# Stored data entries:

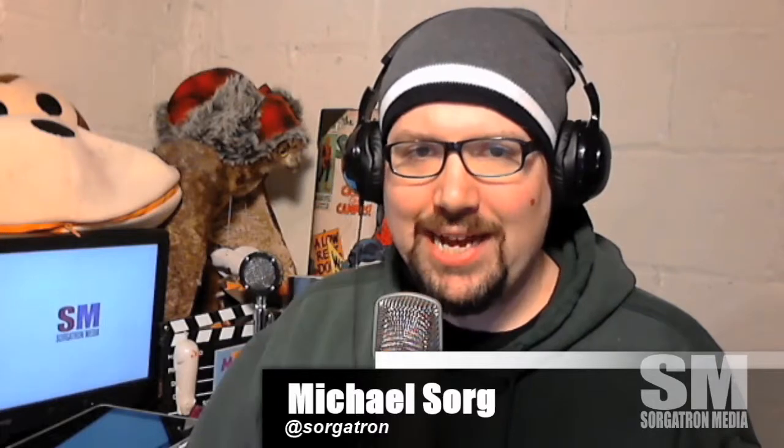Good morning! Mike Sorg at Sorgatron on Twitter, Sorgatron.com. Find us on YouTube and iTunes as well - good morning with Michael Sorgatron Media on iTunes.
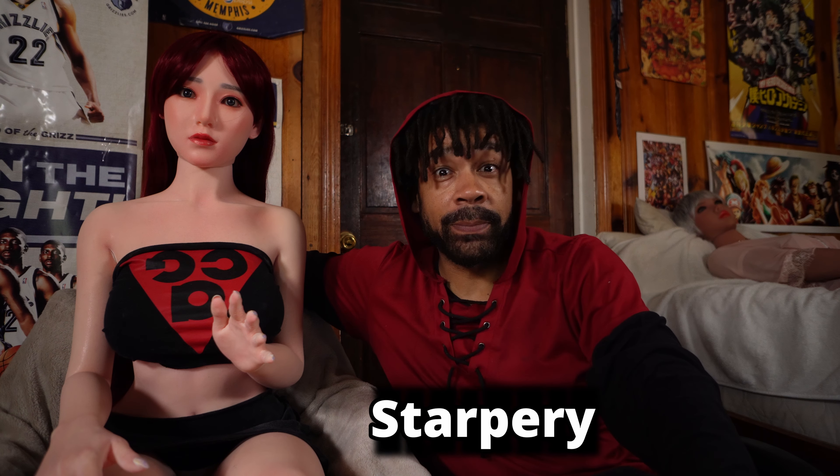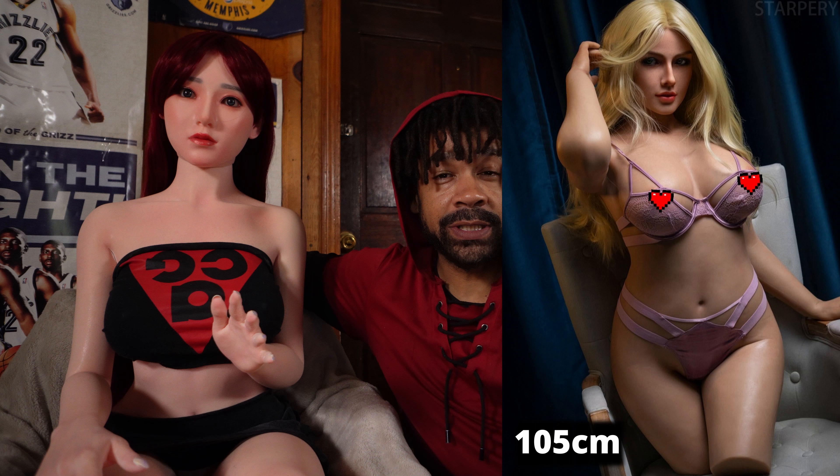Hey guys, it's Jedi King Hefner and the beautiful Himawarae, and we have great news from Starpree. They've just released a brand new torso doll. She's 105 centimeters, and right now they have her in full silicone with a rosane head type, and she has a wheat colored skin.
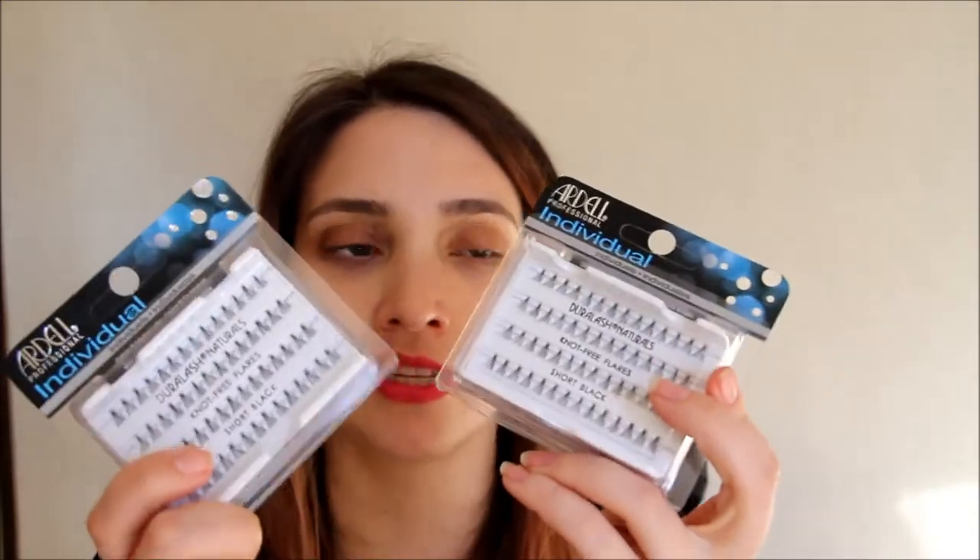I love individual lashes — I'm terrible at applying strip lashes, so for me individuals are really important. I got two packets of the individuals by Ardell. A really cool thing about Lash Closet is there are none of these unknown brands or boutique brands just throwing something together. These are the big brands that you know and trust, so these are the Ardell individuals that I go through the most.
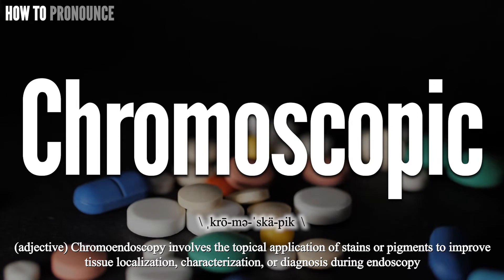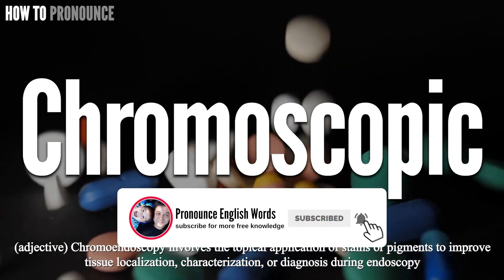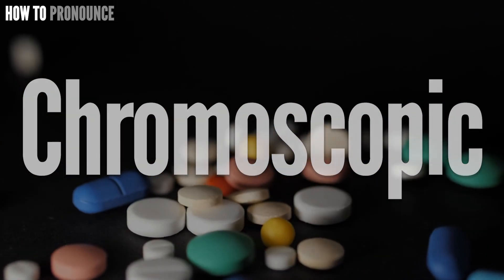I create more videos on how to pronounce English terms. If you are interested, don't forget to subscribe to our channel and support us. Please take care of yourself and each other. Have a nice day.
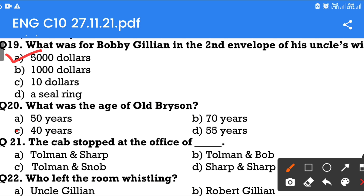Question number 21: The cab stopped at the office of — Option A: Tolman and Sharp. Option B: Tolman and Bob. Option C: Tolman and Snob. Option D: Sharp and Sharp. The answer is Option A — Tolman and Sharp.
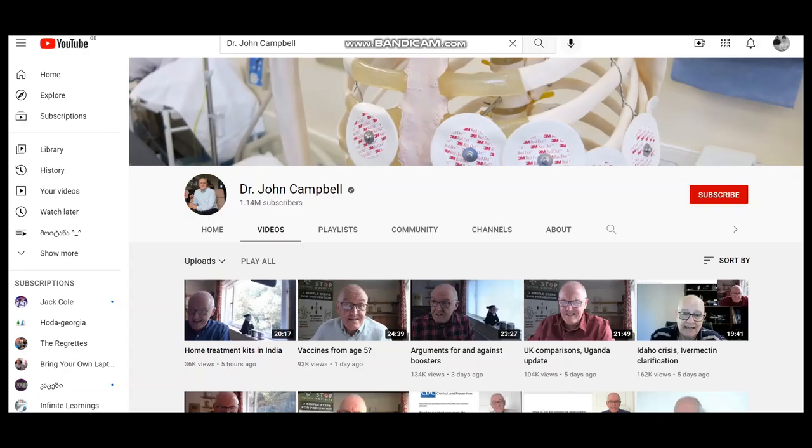Hello everyone! Hope you're fine. In today's video we will see how much Dr. John Campbell makes on YouTube.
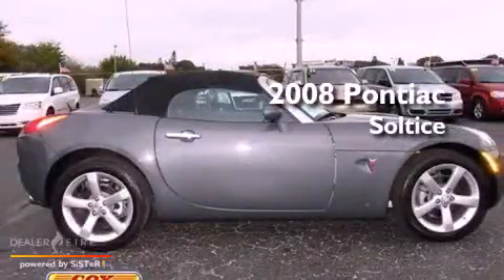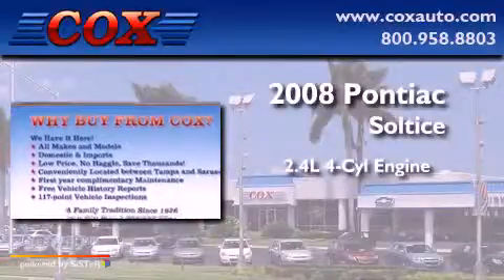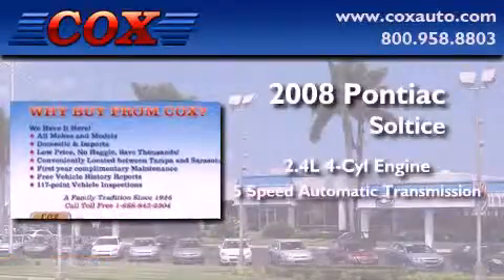This is a 2008 Pontiac Solstice. It features a 2.4-liter four-cylinder engine and a five-speed automatic transmission.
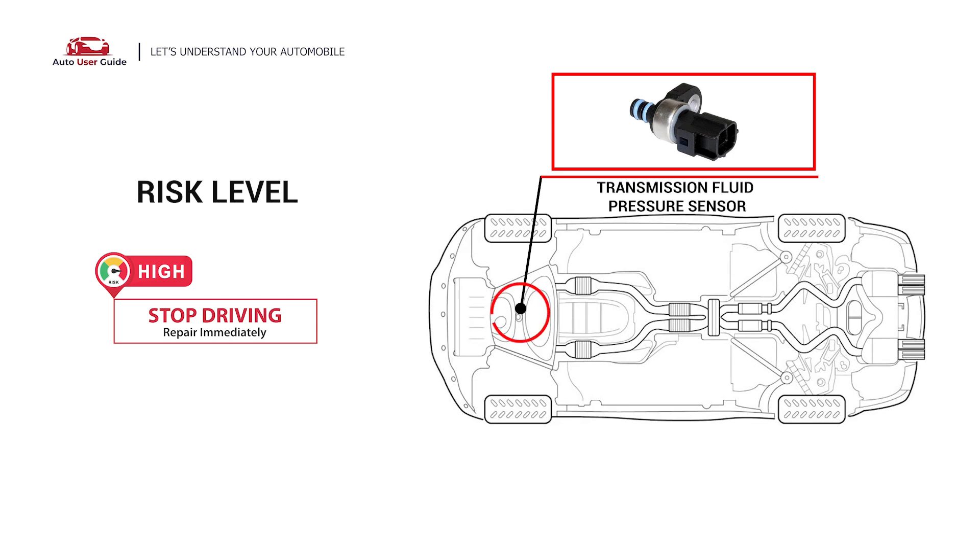Transmission fluid provides hydraulic pressure for shifting gears, lubrication, and cooling the engine. Low transmission fluid can impact the overall function of your vehicle. Under this circumstance, stop driving and repair your vehicle immediately.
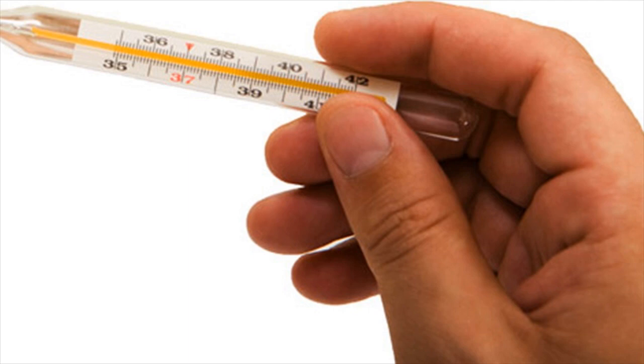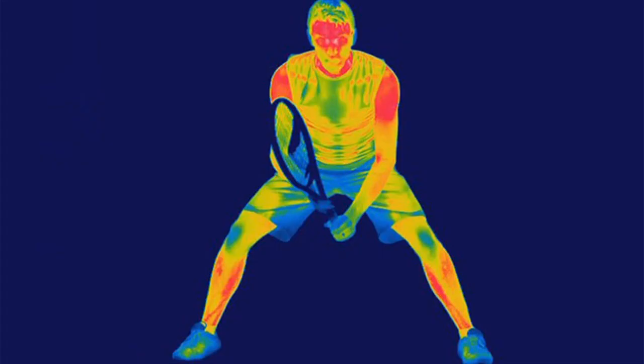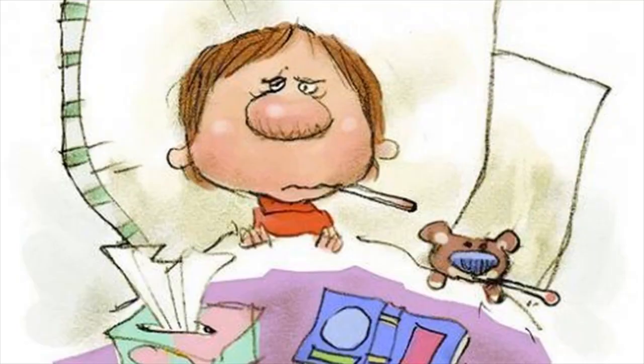Applying warm compresses to legs or arms may force cold blood towards the heart, brain, and lungs, which may be fatal. Monitor the patient's breathing. In case the patient is unconscious or breathing is too weak, you may need to do CPR if you know how to do it.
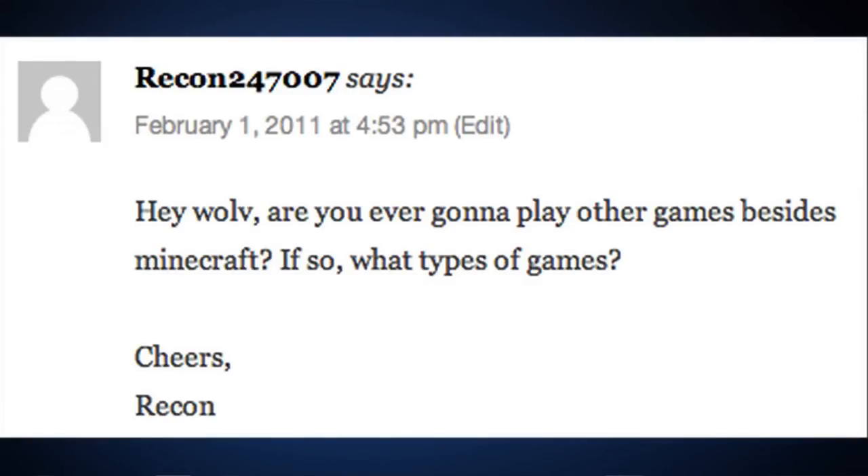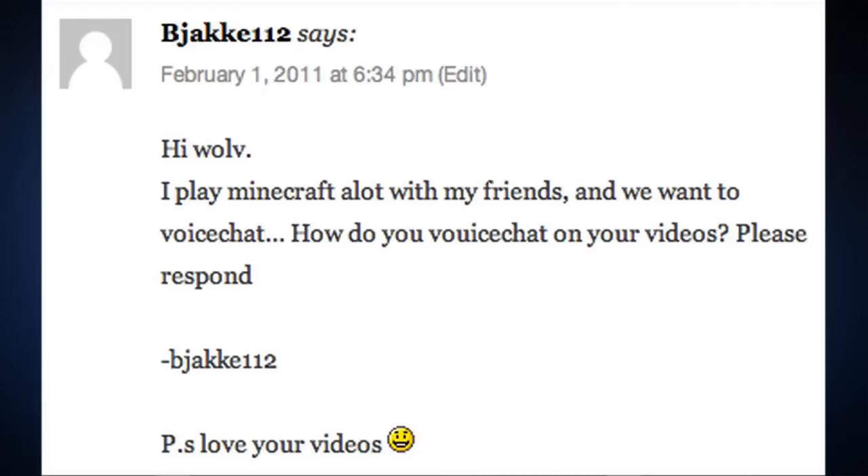Question number six: Recon24-7-007 says, 'Hey wolf, are you ever gonna play other games besides Minecraft? If so, what types of games?' Other games: StarCraft 2, Killzone 3, Call of Duty, and any other cool games. I like different types of games. Those are the main ones — I like first-person shooters because they're a ton of fun and awesome to play with friends.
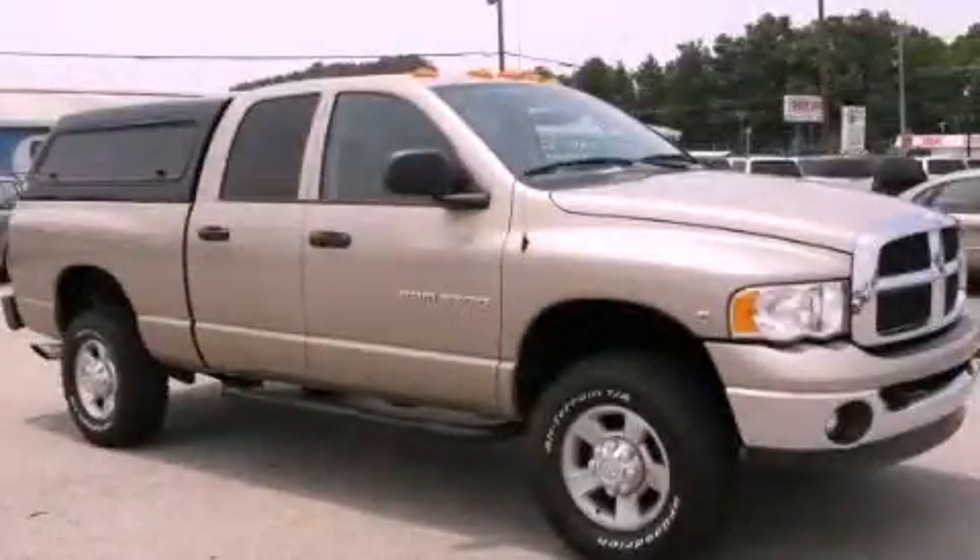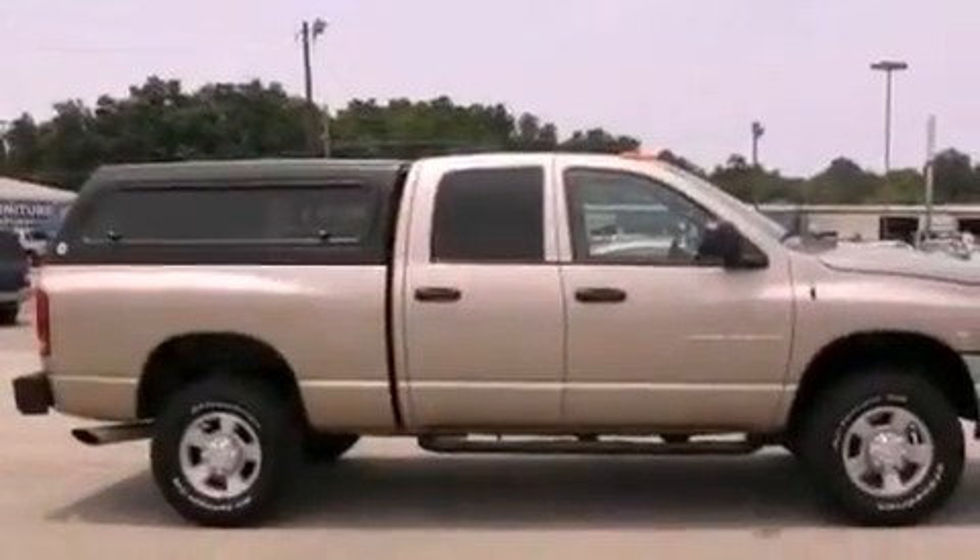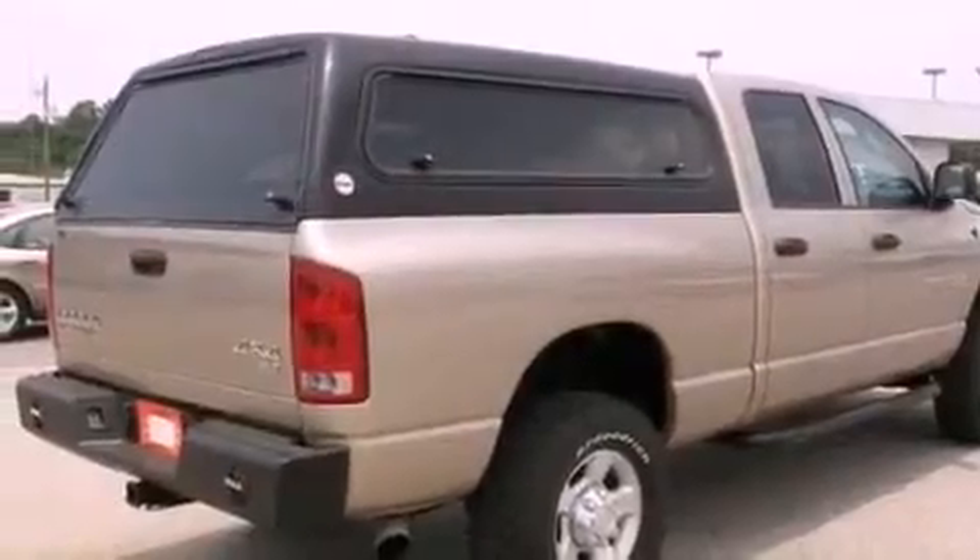This is a 2004 Dodge Ram 2500. It has what you need for work as well as what you want for play. It has a six-cylinder engine, an automatic transmission, and four-wheel drive.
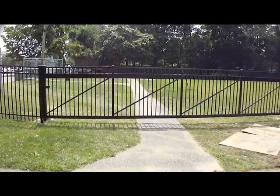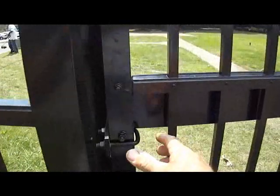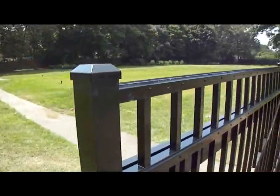What I am about to show you is a commercial cantilever gate. This gate is about 38 feet in length, giving you a 25-foot opening for access. Watch now how I effortlessly slide this gate open.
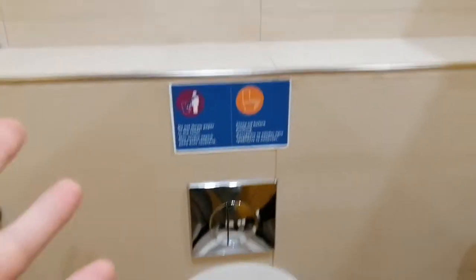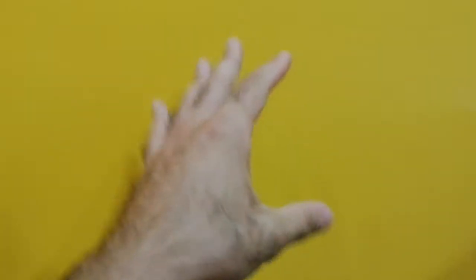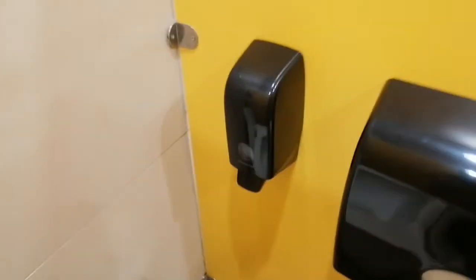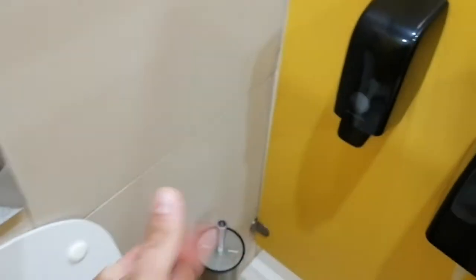Review Toilets, Episode 1. As you can see, there is a nice yellow wall around the toilet. The toilet is very comfortable to sit on. There is something to sterilize your toilet and also something for your hands.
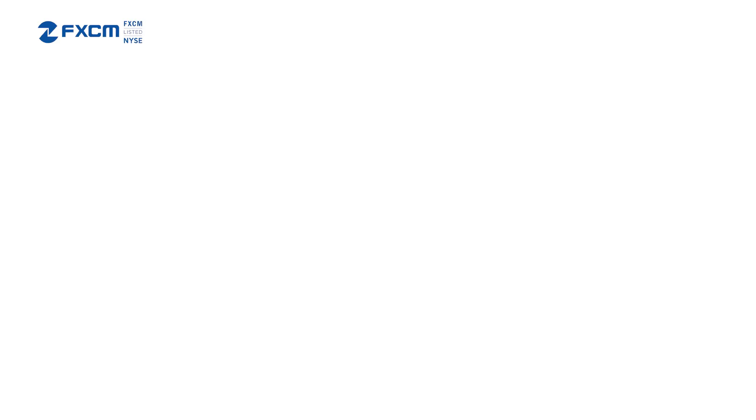Our market movers index provides an excellent view of such, plotting total real volume executed over number of transactions. Finally, a key part of the arsenal for many equity market traders remains a derivative of volume data — on balance volume.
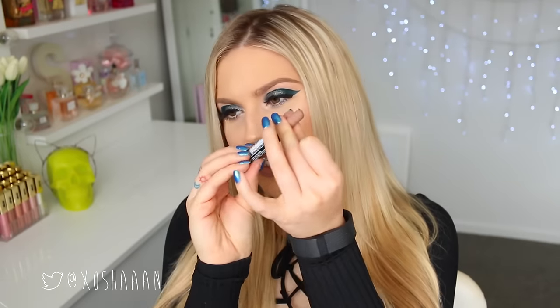Next up is the shade Stone, and this is kind of like a slightly grey nude — like a greige. I do have to say, for some reason this one doesn't wind up, which is really weird; it must be a faulty packaged one. But the actual color is really pretty. Like I said, it's that kind of grey beige, greige color. Really on trend at the moment, very 90s, very Kylie Jenner if you like that kind of look. I really like it.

# WORK TO COMPLETE:
Pictures are to be left out; the answer must otherwise be exactly the lines from the one with "Review Toilets, Episode" through the final line of the entries above, both included.

# EXERCISE OUTPUT:
Review Toilets, Episode 1. As you can see, there is a nice yellow wall around the toilet. The toilet is very comfortable to sit on. There is something to sterilize your toilet and also something for your hands.
Our market movers index provides an excellent view of such, plotting total real volume executed over number of transactions. Finally, a key part of the arsenal for many equity market traders remains a derivative of volume data — on balance volume.
Next up is the shade Stone, and this is kind of like a slightly grey nude — like a greige. I do have to say, for some reason this one doesn't wind up, which is really weird; it must be a faulty packaged one. But the actual color is really pretty. Like I said, it's that kind of grey beige, greige color. Really on trend at the moment, very 90s, very Kylie Jenner if you like that kind of look. I really like it.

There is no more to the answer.